I have been mesmerized by the ephemerality of being a dragonfly. It looks nothing like a human being. It has four legs and 2 pairs of wings. Big pair of eyes and skinny matchstick body.However, the configuration of it's lifespan, the difference of it to us was what stopped myself spooning my dinner a while ago.
The lifespan of a dragonfly is not long. Not something, somebody would be overly excited about. I was intrigued though by the fact that the dragonfly that you see in the garden, only lives for 10 days. In that ten days it has to eat tonnes and tonnes to make itself tinted with brilliant blue glistens. It's only when it becomes blue that it is attractive enough, therefore increasing it's chance to engage in the act of copulation. This is a very important milestone in a life of a dragonfly.
Around this time, it also has to mark it's territory for the eggs to be laid by the female dragonfly which would have been successfully impregnated, and hatched into larvae. There will be a lot of air fight and spitfire volleyed in the air with other dragonflies, in the a battle to secure it's territory.

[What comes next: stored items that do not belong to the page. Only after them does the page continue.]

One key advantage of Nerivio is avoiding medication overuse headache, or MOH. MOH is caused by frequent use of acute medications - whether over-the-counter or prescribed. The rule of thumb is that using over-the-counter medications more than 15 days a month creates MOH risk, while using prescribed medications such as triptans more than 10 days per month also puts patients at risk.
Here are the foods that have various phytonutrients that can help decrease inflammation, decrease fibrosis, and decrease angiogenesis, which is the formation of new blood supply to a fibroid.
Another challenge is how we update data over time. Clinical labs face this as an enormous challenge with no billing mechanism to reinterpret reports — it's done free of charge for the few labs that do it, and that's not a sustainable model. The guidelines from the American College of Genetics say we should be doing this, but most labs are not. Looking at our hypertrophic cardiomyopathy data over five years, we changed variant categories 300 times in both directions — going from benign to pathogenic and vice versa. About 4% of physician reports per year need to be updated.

Upon winning, the dragonfly is now the emperor of it's kingdom. Returning to the ground maybe on day 8 or 9, the emperor, with weather-beaten face, jaded, ropy, with skewed, broken wings returns to the ground, not to mend itself but to wither and die. It's job is done.
The bigger chunk of a dragonfly's life is spent underwater as a nymph. It's sole purpose of living is to satiate itself, only this is almost nonsensical, for a nymph's appetite is beyond imagination.

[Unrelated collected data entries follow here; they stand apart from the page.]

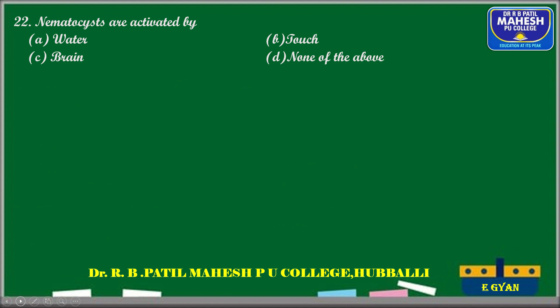Next: nematocysts are activated by physical and chemical stimuli. Nematocysts are specialized ectodermal cells found in Cnidaria. The correct answer is touch — a physical stimulus that activates nematocysts. Polymorphism occurs in class Hydrozoa, which has two forms: polyp and medusa.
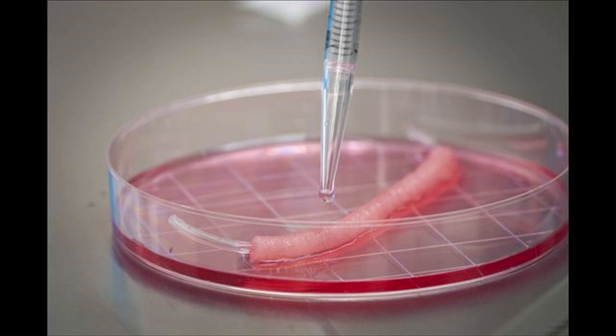However, because the cells are taken from the male's genitals, it means this procedure cannot be used for female-to-male sex reassignment surgery. The team has already engineered six human penises that are ready for transplantation.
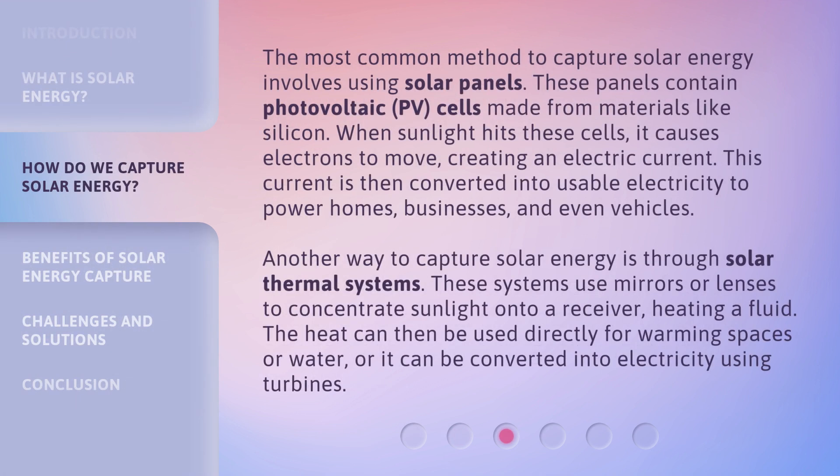The most common method to capture solar energy involves using solar panels. These panels contain photovoltaic (PV) cells made from materials like silicon. When sunlight hits these cells, it causes electrons to move, creating an electric current. This current is then converted into usable electricity to power homes, businesses, and even vehicles.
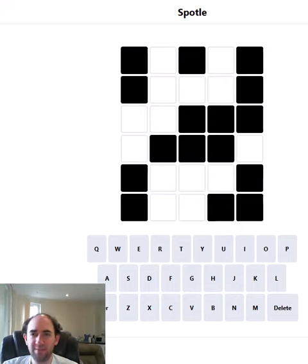Hello again. Welcome to today's attempt at the Spottle Puzzle. This is Wordle but there are some obstructions in the grid — that's what those black cells are. We won't find out any information about the letters we put in those positions.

It's driven around by a propeller on it's rear end which also aids the nymph to create pressure, big enough in the thorax to project out it's mouth which lurches out at will, mercilessly snatching the pests into it's mouth. Pests ranges from mosquitoes to gnats and even snails.

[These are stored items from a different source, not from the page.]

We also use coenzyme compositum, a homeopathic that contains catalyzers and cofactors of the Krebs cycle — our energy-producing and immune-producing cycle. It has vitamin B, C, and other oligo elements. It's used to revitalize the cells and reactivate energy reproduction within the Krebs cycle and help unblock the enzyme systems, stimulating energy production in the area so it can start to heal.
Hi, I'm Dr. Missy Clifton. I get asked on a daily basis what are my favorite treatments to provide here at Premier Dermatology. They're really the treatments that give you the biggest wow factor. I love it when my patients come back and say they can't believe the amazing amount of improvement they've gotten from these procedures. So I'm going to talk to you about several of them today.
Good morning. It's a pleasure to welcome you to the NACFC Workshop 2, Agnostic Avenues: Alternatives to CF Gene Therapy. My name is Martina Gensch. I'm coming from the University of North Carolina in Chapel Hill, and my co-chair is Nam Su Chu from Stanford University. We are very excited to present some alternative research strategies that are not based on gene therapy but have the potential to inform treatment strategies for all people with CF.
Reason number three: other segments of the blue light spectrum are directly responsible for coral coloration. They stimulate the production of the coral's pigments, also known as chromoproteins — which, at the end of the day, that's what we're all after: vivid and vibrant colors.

Nymph is a nymph for 2 years. If life as a nymph is the better one out of the two then it is justifiable for the lifespan to be divided in such a way. Although it is during life as a dragonfly that the reproduction process takes place, it is also more tedious, with more responsibilities , full of trials and trubulations. It's only fair that all that happen during the 10 days of it's life.
The nymph metamorphyses into a dragonfly at exactly the time when it is physiologically feasible to do so. The exoskeleton becomes no longer permissive for the oxygen tension in the water to be utilized. A bigger tension is needed, maybe 21%. Hence the nymph crawls out into the open space full of air and eased itself out of it's case. No thinking needed, they just go with the flow.
The dragonfly and the nymph are already programmed to be what they are suppose to be at whichever time. Physiologically I am too. But I have much smaller eyes to the brain ratio compared to the dragonfly. I therefore can choose the time and place for myself to do my metamorphysis.
How clever, but how detrimental is to me that I am allowed to choose when and where, only time will tell. Does a nymph know that the second it becomes a dragonfly, it is also the very second that it's escalating towards it's demise? Can I put off my metamorphysis for as long as I want?
I find Attenborough's voice very sexy.